#### What is required
Please copy the lines below, exactly as they are, from the one with "Posteľ alebo postele" through the one with "a view of a balcony with a chair", and leave out the pictures.

(Items listed in a dataset)

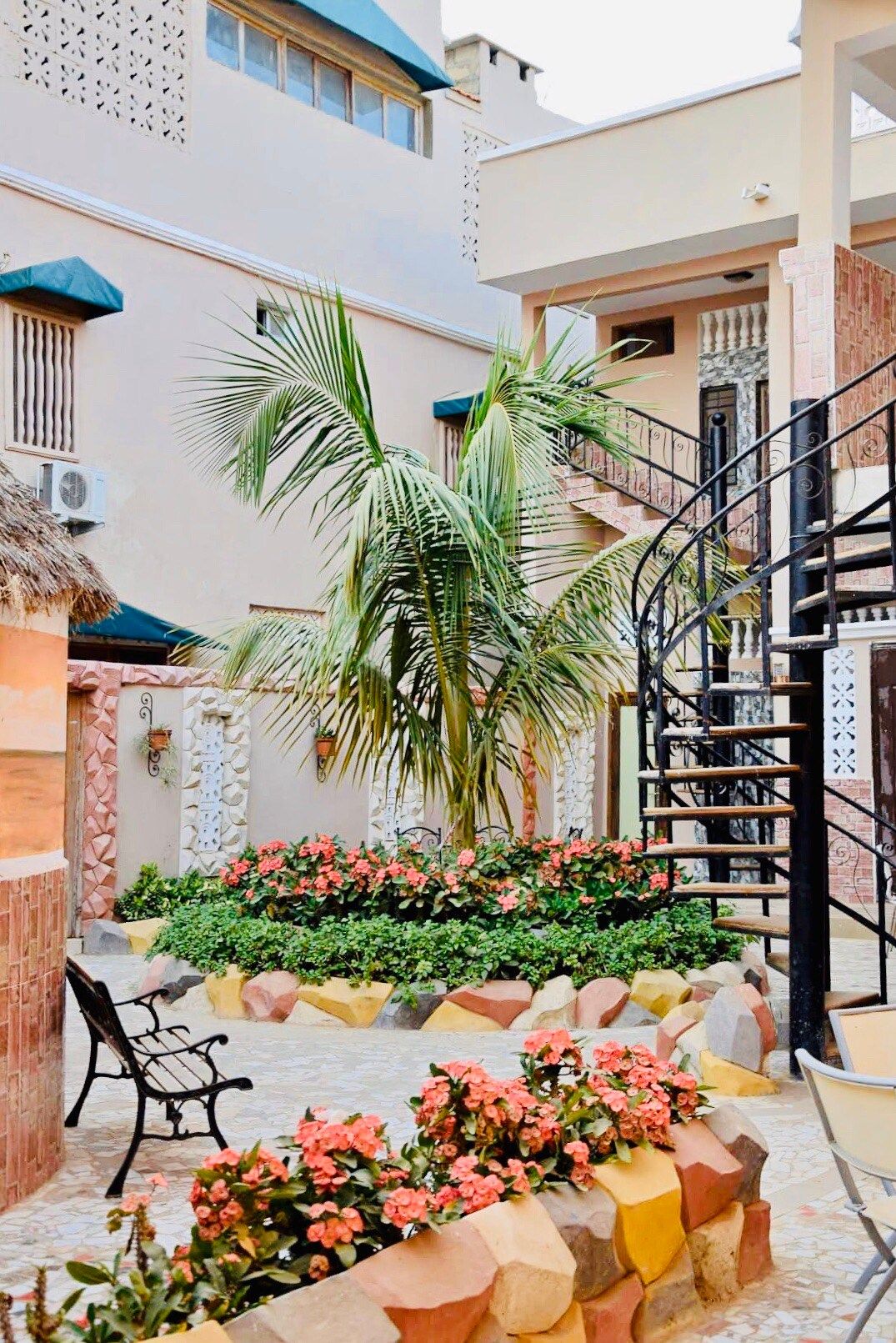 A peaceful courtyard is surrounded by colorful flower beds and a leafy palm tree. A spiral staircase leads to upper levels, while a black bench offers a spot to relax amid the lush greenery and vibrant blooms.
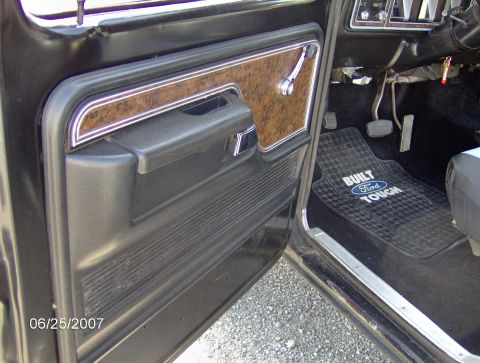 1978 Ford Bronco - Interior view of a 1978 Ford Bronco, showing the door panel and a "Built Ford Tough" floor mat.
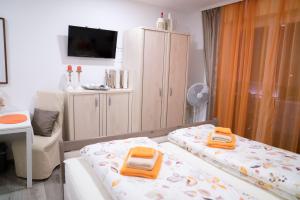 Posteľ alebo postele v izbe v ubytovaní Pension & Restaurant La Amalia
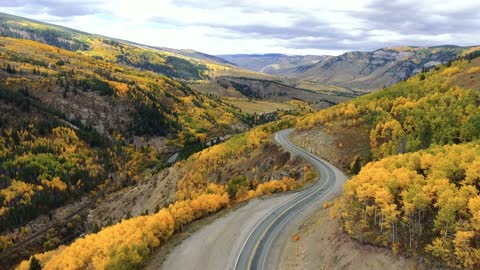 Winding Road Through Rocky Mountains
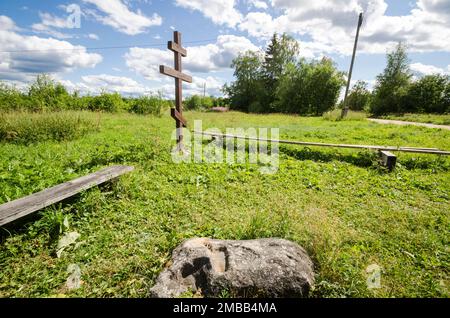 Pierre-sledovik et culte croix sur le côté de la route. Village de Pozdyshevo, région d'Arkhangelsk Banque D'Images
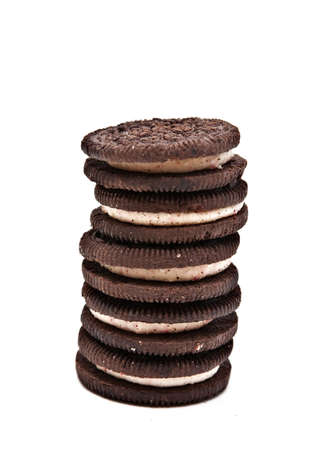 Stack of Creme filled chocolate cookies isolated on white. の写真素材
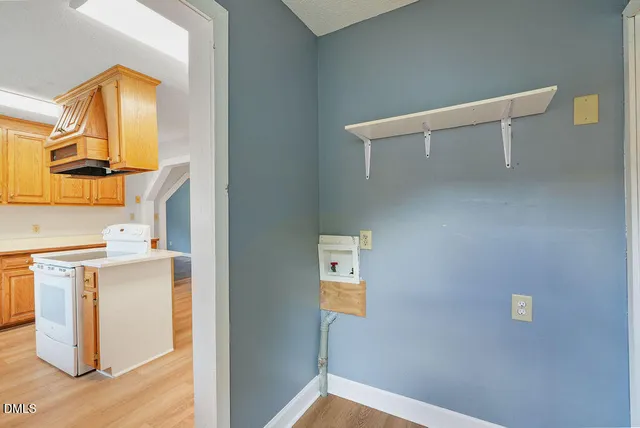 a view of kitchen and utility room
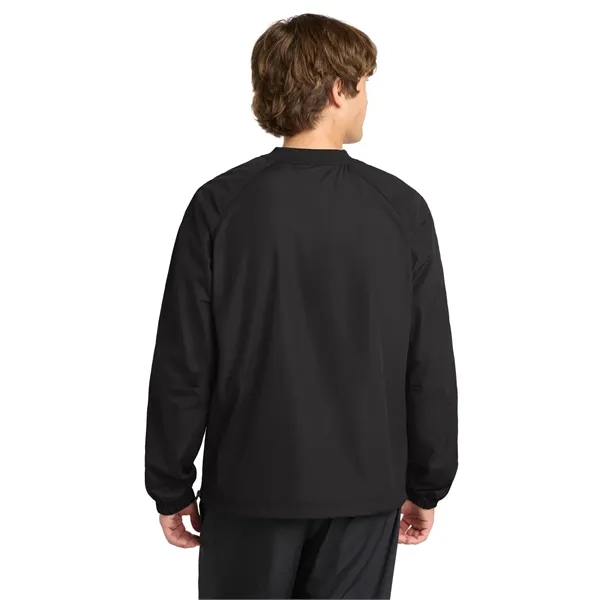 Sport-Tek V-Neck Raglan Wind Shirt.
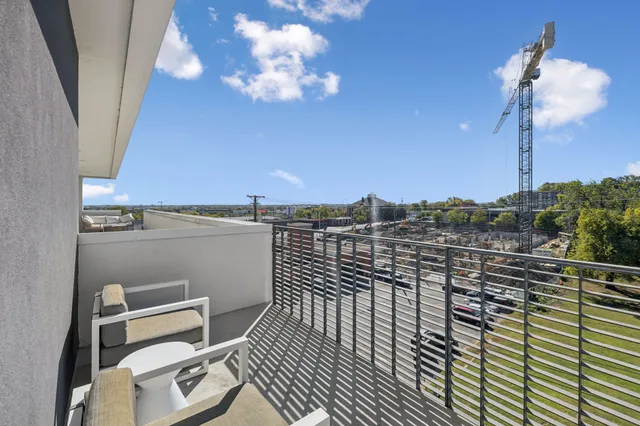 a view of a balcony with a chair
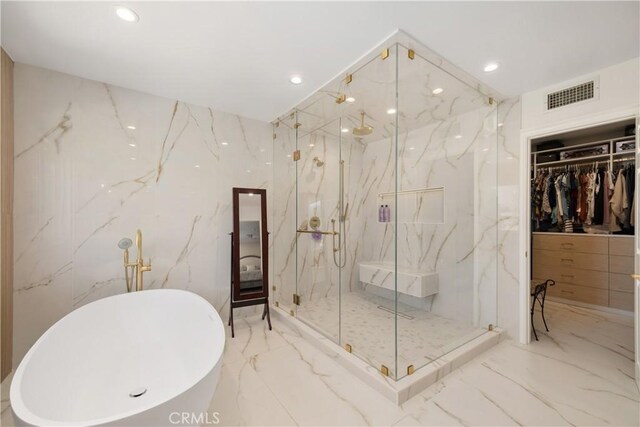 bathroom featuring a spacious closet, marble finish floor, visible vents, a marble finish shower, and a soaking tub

#### Response box
 Posteľ alebo postele v izbe v ubytovaní Pension & Restaurant La Amalia
 Winding Road Through Rocky Mountains
 Pierre-sledovik et culte croix sur le côté de la route. Village de Pozdyshevo, région d'Arkhangelsk Banque D'Images
 Stack of Creme filled chocolate cookies isolated on white. の写真素材
 a view of kitchen and utility room
 Sport-Tek V-Neck Raglan Wind Shirt.
 a view of a balcony with a chair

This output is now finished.